>Speaking as a commercial vendor of WWW software, I'd like to see
>numeric character references dropped completely, or, if they must be
>left in for "backward compatibility," be restricted to interpretation
>as code points in ISO 8859-1.
Sadly, we cannot really do either.
>The only reason they exist in the first place is that named character
>entities could not be relied on in all browsers, and it was a "quick
>fix."
Incorrect. They are in SGML so that typists could enter characters
not directly supported by their keyboards. HTML inherits them from
SGML.
>I strongly feel that while we may be constrained to supporting
>existing "quick fixes," extending them into a multilingual environment
>is a dire mistake.
We have no choice. They are part of HTML, like it or not.

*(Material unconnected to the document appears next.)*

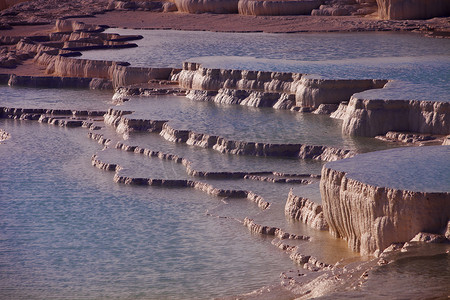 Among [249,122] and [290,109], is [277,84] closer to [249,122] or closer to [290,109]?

>I am also a strong supporter of the use of IS 10646 for similar
>reasons.
Ahh. My proposal is that the document character set for HTML be ISO
10646, and hence <EM>all numeric character references would be evaluated
in terms of ISO 10646</EM>. I will state again that this does *not*
mean that all browsers must support UCS-2 or anything like that
(though that would be even better!), but that they must simply
recognise characters, and classify them according to the roles we
assign them (informally ASCII or ISO 8859-1 for markup, everything
else data).
>I don't know about anyone else, but I for one find the status quo
>quite unacceptable.
Your are certainly not alone!
Have you read my proposal? For browsers like yours, it is ideal.